COOPER: People who move to the top are typically racehorses, not workhorses. And they’re very charismatic.
WATKINS: And the dark side of charisma is narcissism.
TIME: Let’s talk about the word whistle-blower. Why don’t any of you like it?
ROWLEY: I hate the term whistle-blower.
COOPER: In elementary school, kids are called tattletales. It has a negative connotation.
TIME: What was the reaction to you in the workplace and on the street?
ROWLEY: Even in my [Minneapolis field] office, with quite a bit of support, still a lot of people are looking at me like, What the heck?

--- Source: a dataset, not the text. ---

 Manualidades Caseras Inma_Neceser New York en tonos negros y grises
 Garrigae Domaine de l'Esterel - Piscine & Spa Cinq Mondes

COOPER: You’re going to have people who are supportive, and you’re going to have people who take shots. All that is part of it.
WATKINS: In January and February there were hundreds of e-mails, voice-mails, letters from the Enron rank-and-file employees. There was a sense of overwhelming relief because they had thought the top executives would get away with it. People were high-fiving; they were pumped. Now no one recognizes me.
ROWLEY: In Minnesota, people get over these things really fast. It’s over. This fame thing is greatly overrated.